For a while I've been participating in #MotivationMonday on Instagram. I'm not super faithful with it, but I try to post little things every Monday that have to do with health or mindfulness. I do it more for myself than for anyone else, and it helps me remember to be strong when I'm feeling weary.

Today I posted a quote from the poem "Good Timber" by Douglas Malloch. Instagram got a quick doodle that I scribbled into my journal a while ago, but you guys get my hastily done Photoshop version instead (because you're special).

Photo by Stefan Steinbauer on Unsplash

This poem is one of my favorites, and I've written the entirety of it in at least a couple of my past journals. This is partly because I am fascinated by the tenacity of trees.

I'm sure you've all seen pictures of trees that have grown strong in spite of the conditions they have faced. Trees that bend into strong winds. Trees growing through chain link fences and through sidewalks. Trees sprouting new branches from the wound of a lost limb. There are a heck of a lot of things that a tree can overcome!

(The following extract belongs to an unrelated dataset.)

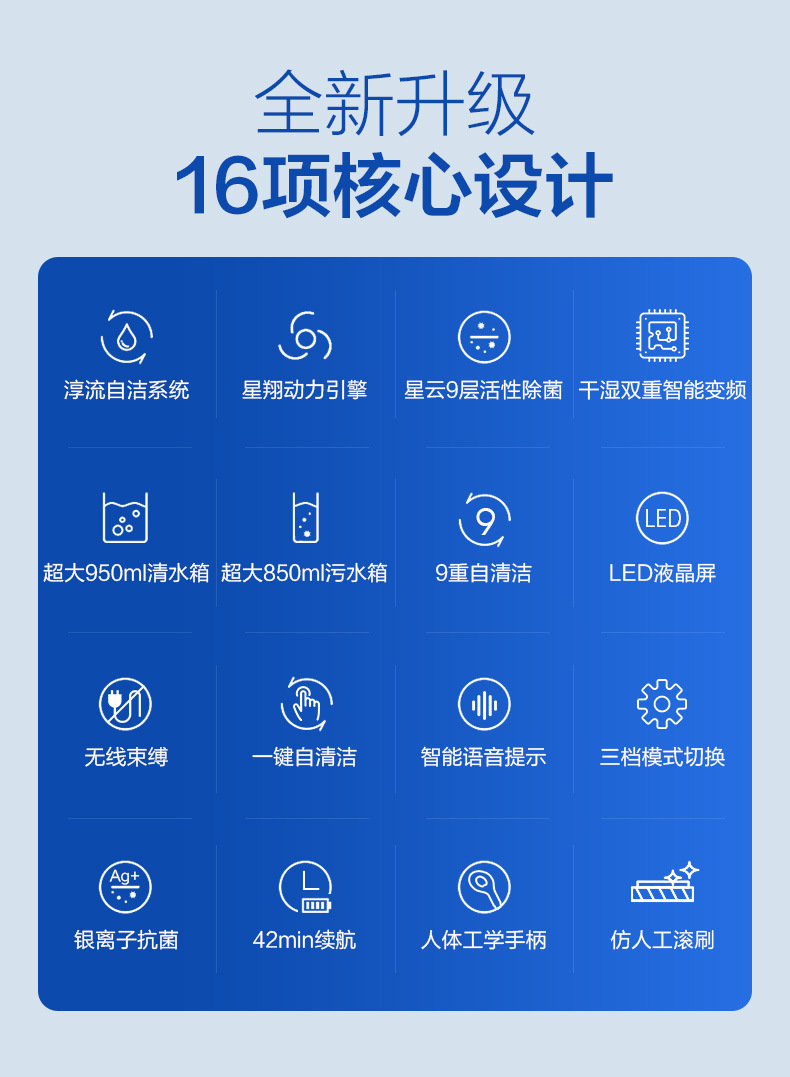 洗地机家用双滚刷手持拖地机扫地吸扫一体机洗拖吸三合一拖把详情24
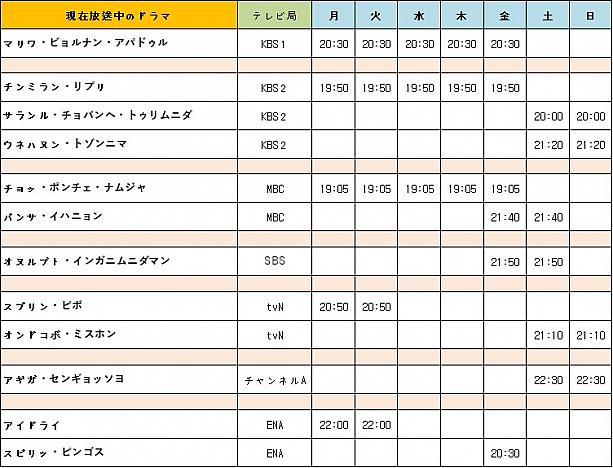 韓国ドラマ情報　 韓国ドラマ韓流ドラマ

I try to think about these things in relation to myself. When people see my scars - emotional or otherwise - I want them to see how they have helped me become who I am, rather than as a reminder of how broken I used to be. More than that, I want to be able to look at myself and remember that any suffering I am experiencing will not last forever. I will grow around it, I will lean into it, and I will continue to survive.

We are all capable of so much more than we realize.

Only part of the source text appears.